Exercise instructions -
The answer is all of the data repeated exactly, with each picture omitted.

Data shown -
----
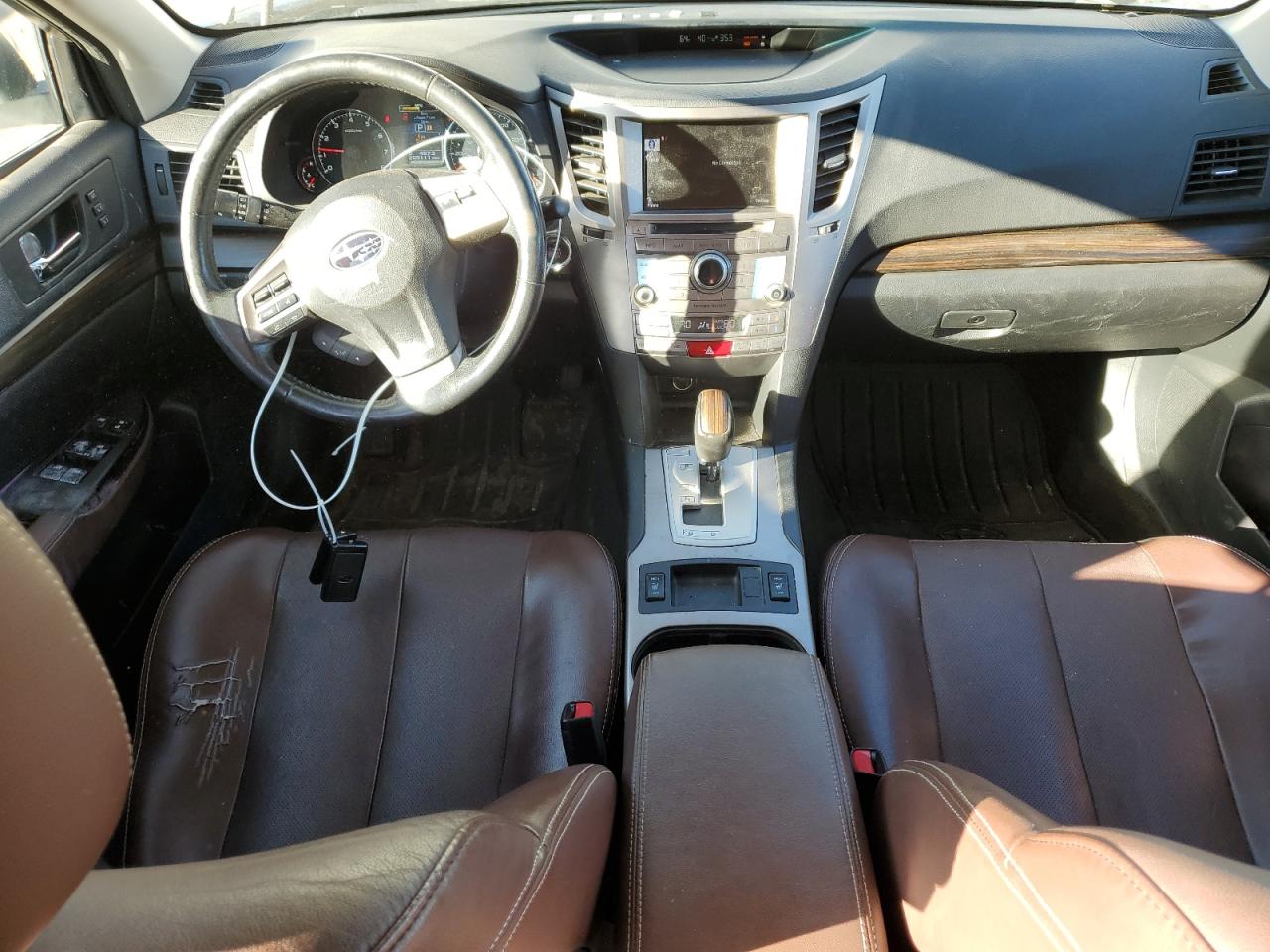 2014 Subaru Outback - Image 8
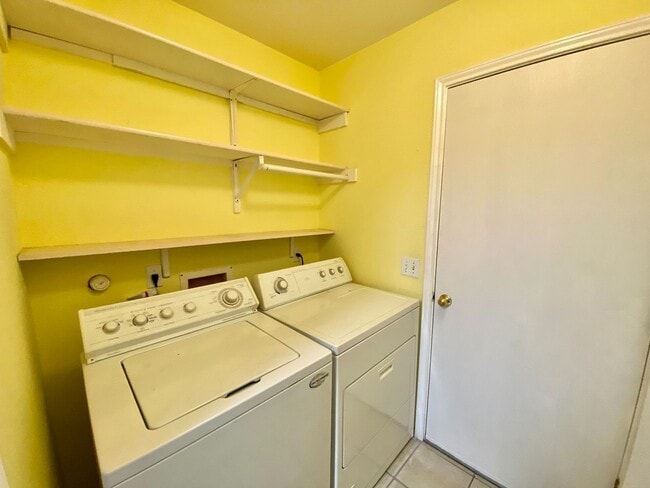 Building Photo - Easy Living, Inside and Out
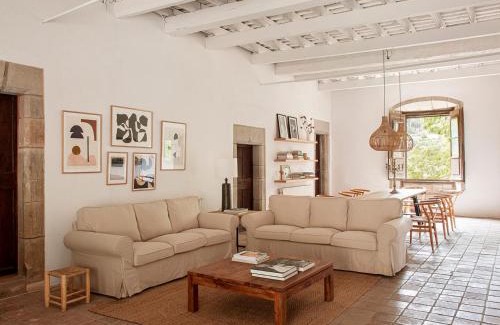 Centelles House | Les Canes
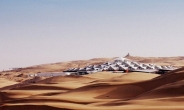 중국 사막호텔 “사막 한가운데 덩그러니…”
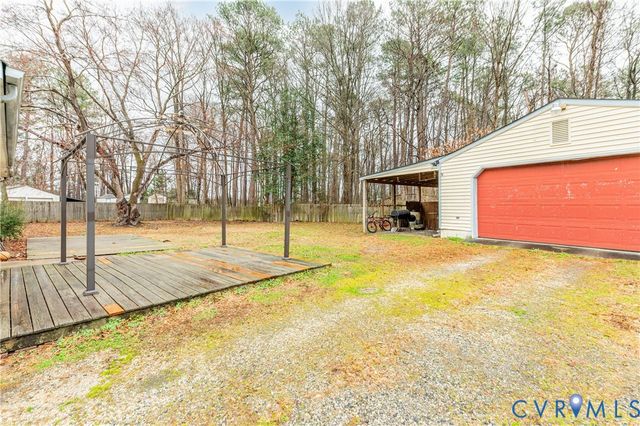 5724 Linda Rd, Sandston, VA 23150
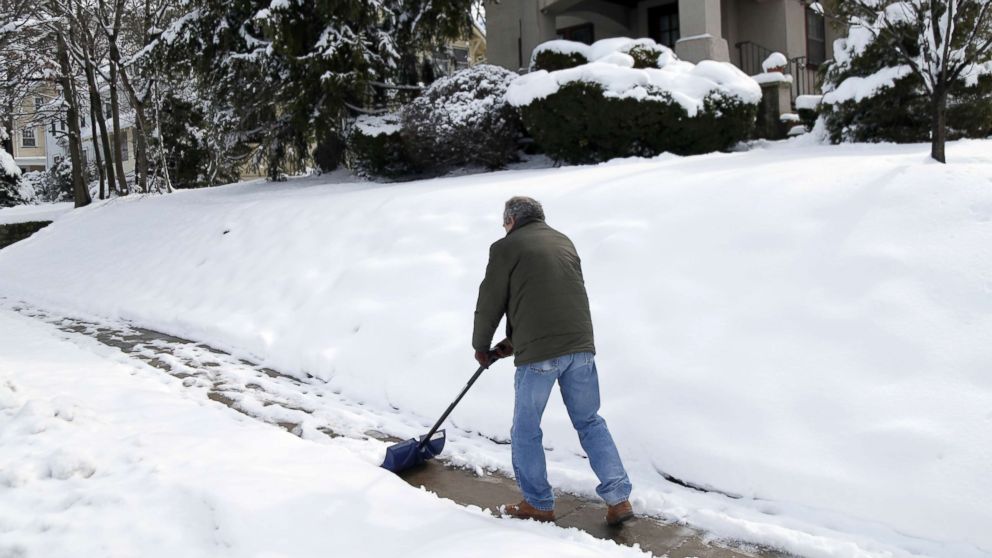 East Coast Digs Out From 4th Nor Easter In 3 Weeks 5 States Reporting Over 1 Foot Of Snow Abc News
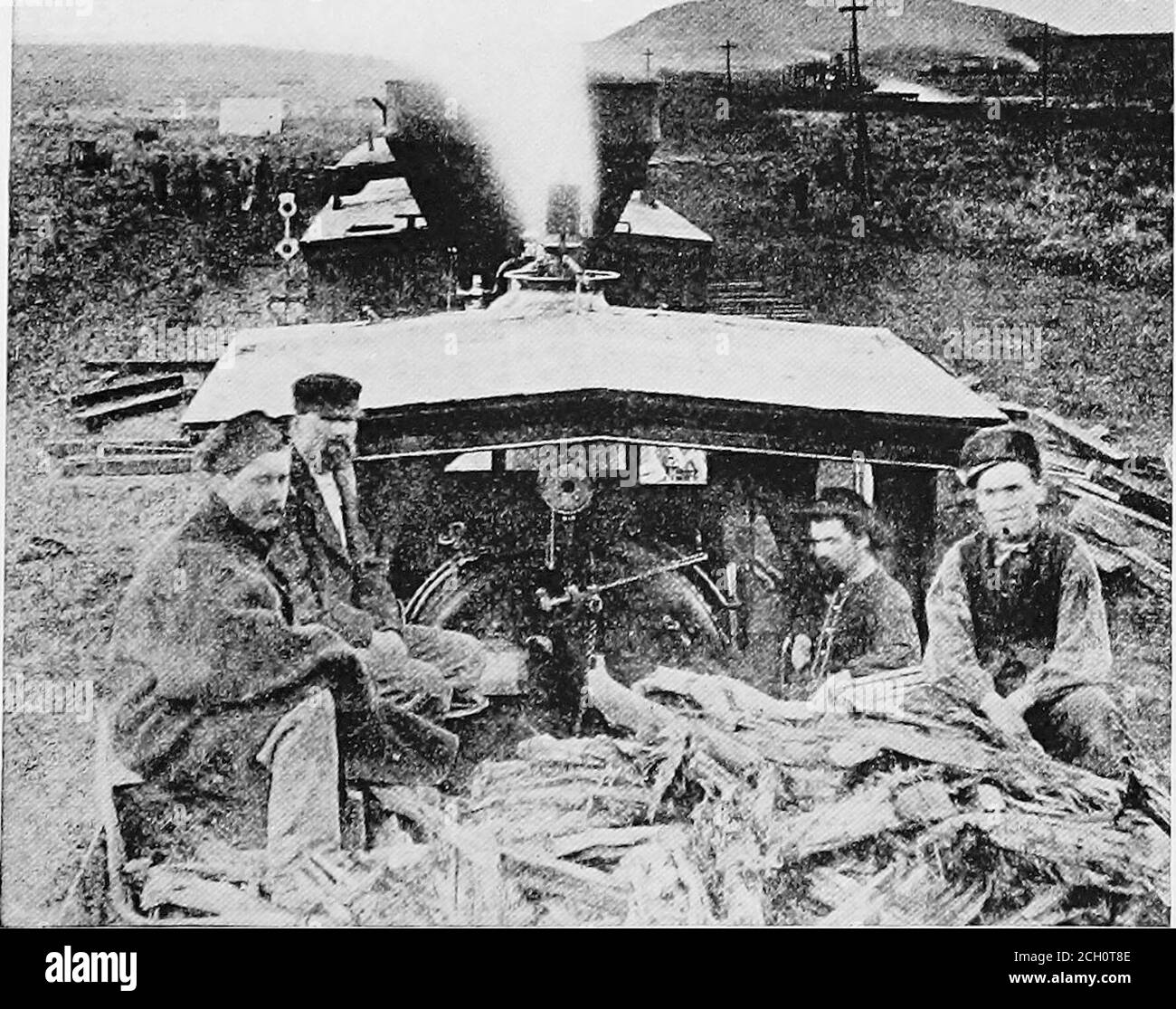 . La construction du chemin de fer du Pacifique; l'histoire de construction de la première artère de fer de l'Amérique entre la rivière Missouri et la Californie, depuis le début de la grande idée jusqu'à ce jour, le 10 mai 1869, lorsque l'Union Pacific et le Central Pacific ont joint des voies à Promontory point, Utah, pour former le transcontinental de la nation. LOCOMOTIVE UNION PACIFIC 119At Promontory point, mai à 1869. Dignitaires du jour posés sur la chaudière. A L'ÉPOQUE DE L'ANCIEN BOIS-BURNERSCentral Pacific R. R., Promontory point, Mai, 1869 VIIIBhumeur sur les sentiers le chemin de fer du Pacifique à travers le continent a été construit tout droit Banque D'Images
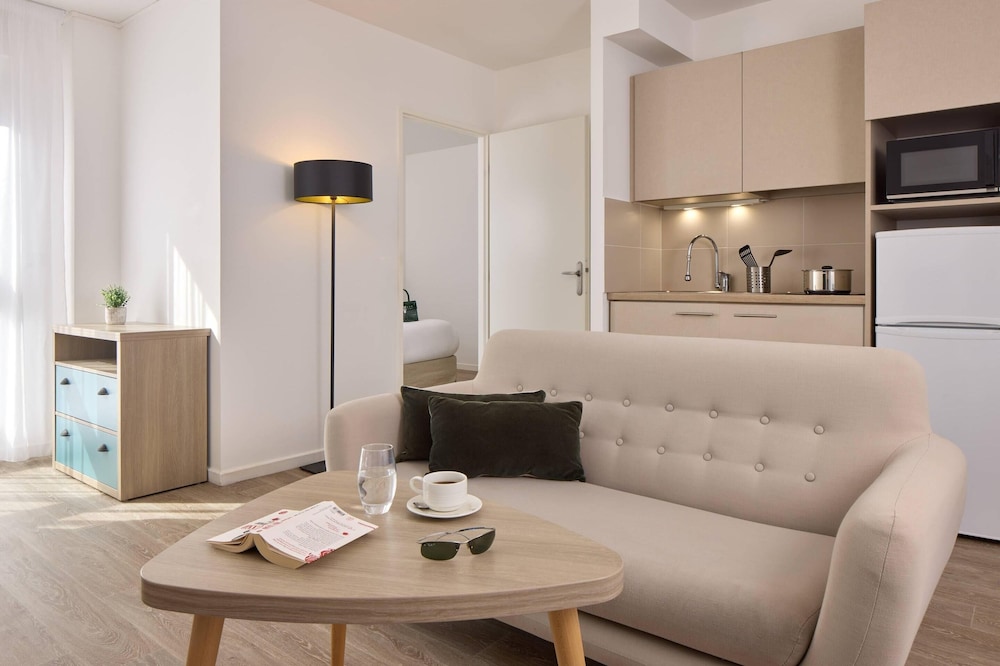 Quality Aparthotel St-Quentin en Yvelines 11/23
----
Solved exercise -
 2014 Subaru Outback - Image 8
 Building Photo - Easy Living, Inside and Out
 Centelles House | Les Canes
 중국 사막호텔 “사막 한가운데 덩그러니…”
 5724 Linda Rd, Sandston, VA 23150
 East Coast Digs Out From 4th Nor Easter In 3 Weeks 5 States Reporting Over 1 Foot Of Snow Abc News
 . La construction du chemin de fer du Pacifique; l'histoire de construction de la première artère de fer de l'Amérique entre la rivière Missouri et la Californie, depuis le début de la grande idée jusqu'à ce jour, le 10 mai 1869, lorsque l'Union Pacific et le Central Pacific ont joint des voies à Promontory point, Utah, pour former le transcontinental de la nation. LOCOMOTIVE UNION PACIFIC 119At Promontory point, mai à 1869. Dignitaires du jour posés sur la chaudière. A L'ÉPOQUE DE L'ANCIEN BOIS-BURNERSCentral Pacific R. R., Promontory point, Mai, 1869 VIIIBhumeur sur les sentiers le chemin de fer du Pacifique à travers le continent a été construit tout droit Banque D'Images
 Quality Aparthotel St-Quentin en Yvelines 11/23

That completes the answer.